Bit-band Cortex M3 - fast bit modifications in RAM explained

Hi, I've done a video explaining bit-band functionality on Cortex M3 or M4 processors. I also compare compiled assembler outputs for AVR and ARM achitecture. I hope someone will find this interesting. I have also another interesting content on my YouTube channel. Let me know what you think.

Interesting, I was just reading about this today as I poured over Cortex-M7 documents. Cortex-M7/M7F do not support bit-banding.

I thought that perhaps the Arduino core internal libraries might use that technique for the DUE or ZERO for reading/writing I/O. But considering the issues regarding interrupts occurring during the bit-band process (race conditions) and the fact that GPIO might lay above the bitband permitted region, I imagine the coders decided to play it safe.

Thank you very much for sharing.

ODwyerPW:
But considering the issues regarding interrupts occurring during the bit-band process (race conditions)

Bitband operations are atomic, not only at the instruction level, but also at the bus access level. That means they're even atomic with respect to DMA.

Mostly bit banding is not used for gpio because the gpio peripherals have their own equivalent features that are at least theoretically more powerful and easier to use.

Expanding on the previous comments, the GPIO ports on ARM chips usually have "set bit" and "clear bit" registers that operate similar to bit-banding, but can (for example) set or clear multiple bits at one time.
I've always sorta wanted to write a bit-banding based implementation of digitalWrite/digitalRead; it's not immediately obvious whether it could be "better" than a GPIO based implementation in some way. (although frankly, the current Due implementation of digitalWrite/Read is not-at-all limited by the raw IO speed, but rather by other inefficiencies. (sigh.))

(although since CM0 and CM0+ do not generally support bit-banding (and apparently not the M7 either?), the problem is less interesting.)

(as far as I can guess, bit-banding was introduced in CM3 specifically to compete with the fast bit-access instructions available on many 8bit CPUs. But it's never really caught on.)

hubmartin:
Hi, I've done a video explaining bit-band functionality on Cortex M3 or M4 processors. I also compare compiled assembler outputs for AVR and ARM achitecture. I hope someone will find this interesting. I have also another interesting content on my YouTube channel. Let me know what you think.

https://www.youtube.com/watch?v=h78DyF1NOio

You article is very helpful and appreciated , however , can you supply a link to code only?
I know it is in the video , but have not figured out how to copy just the code text, sorry.
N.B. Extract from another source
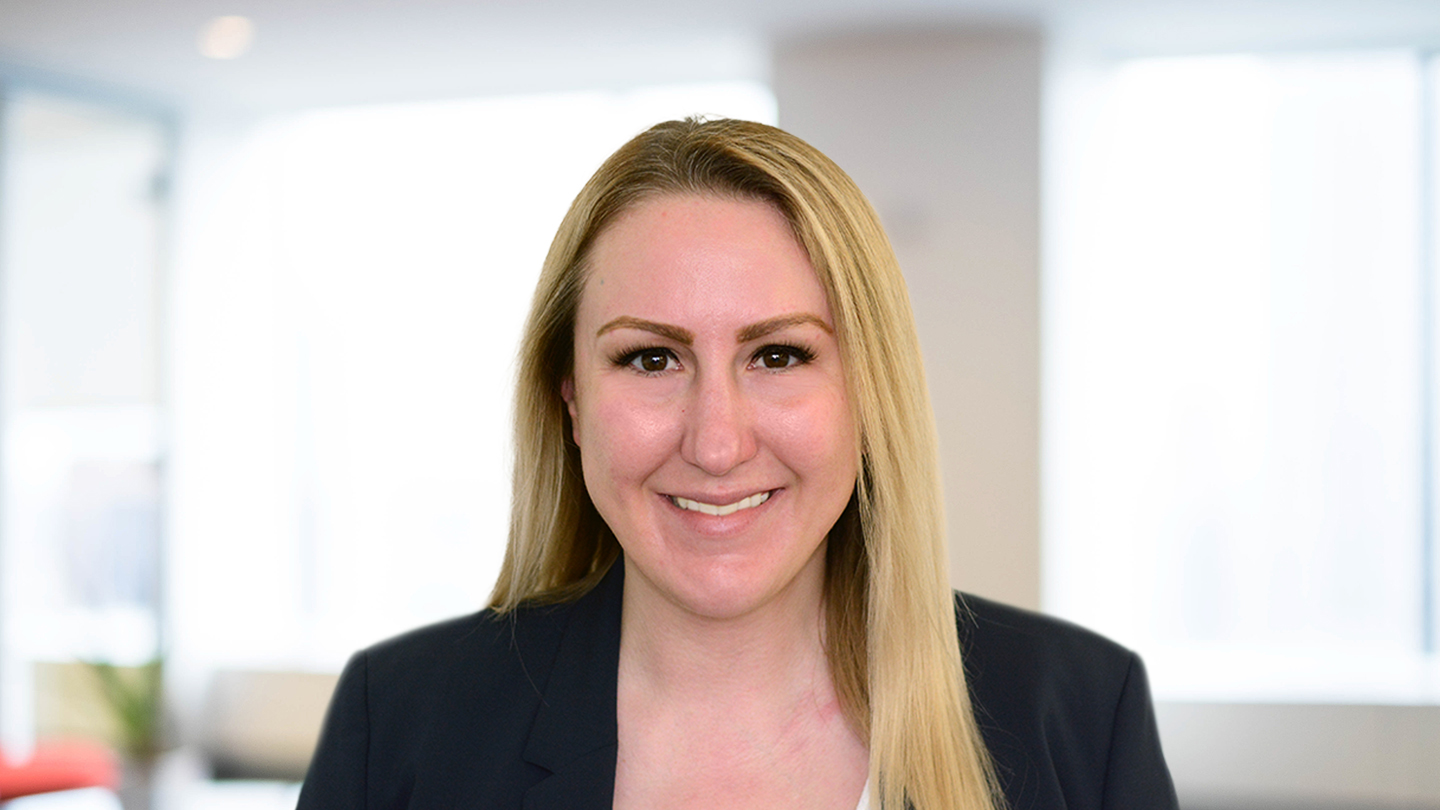 Headshot of Kathleen Holtz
I am looking into implementing SPI on PIO and it was suggested that bit banging may work.

Thanks
Jim

  • im about to set up a buffer in the bit band region, how can i tell if another part of code uses the address space?

  • Is it safe to assume if during runtime the addresses are set to 0x0 then they are not used?
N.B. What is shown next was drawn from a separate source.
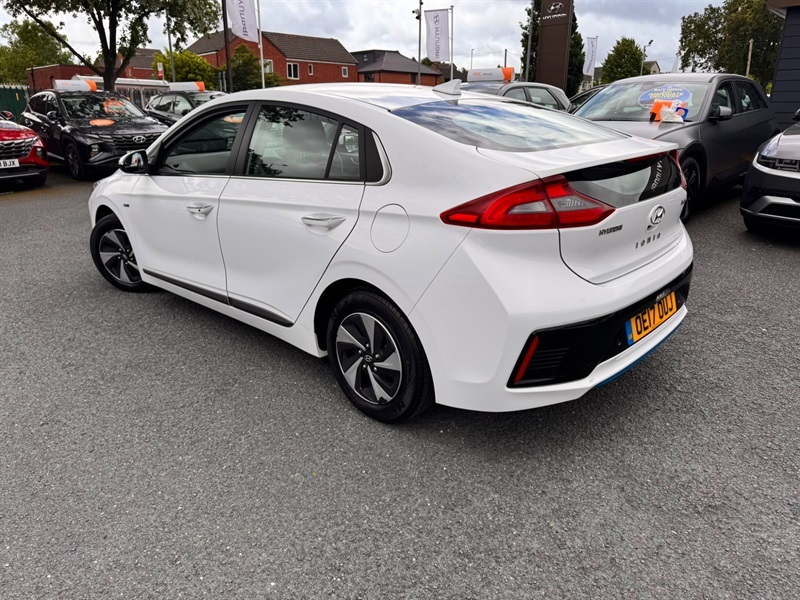 Hyundai Ioniq 1.6 H-gdi Premium Hatchback Hybrid Dct White #2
  • are all register addresses set to zero on reset and then setup as needed?

with.JPG
without.JPG

images from
Yiu, Joseph. The Definitive Guide to ARM® Cortex®-M3 and Cortex®-M4 Processors.
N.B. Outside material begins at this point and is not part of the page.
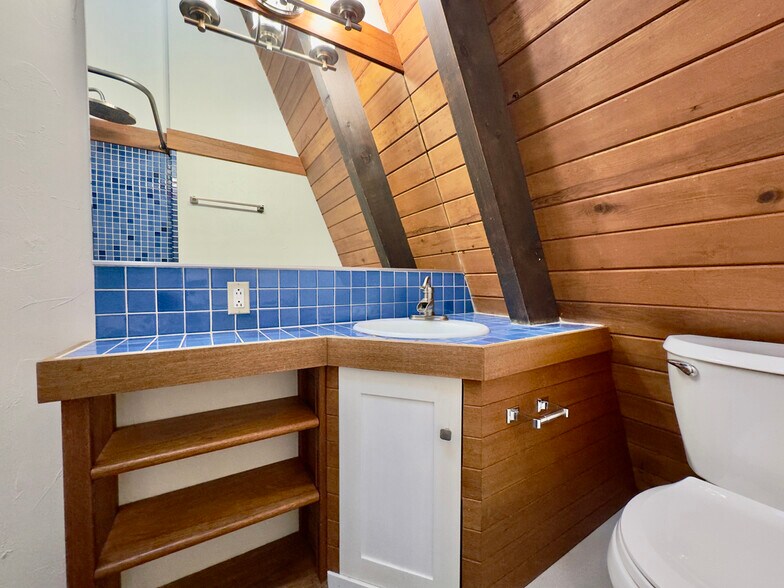 Building Photo - 6583 Valley View Rd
great book with details on most subjects

  • im about to set up a buffer in the bit band region, how can i tell if another part of code uses the address space?

Huh? It doesn't matter...

  • Is it safe to assume if during runtime the addresses are set to 0x0 then they are not used?

Probably not.

  • are all register addresses set to zero on reset and then setup as needed?

Definitely not; register initial contents will be as described in the datasheet, and NOT only zero. There's a section in the datasheet (called "Register Mapping") for each peripheral showing the post-reset state. For example, the RTT "mode register" resets to 0x8000.
I'm not sure what this has to do with bit-banding, though.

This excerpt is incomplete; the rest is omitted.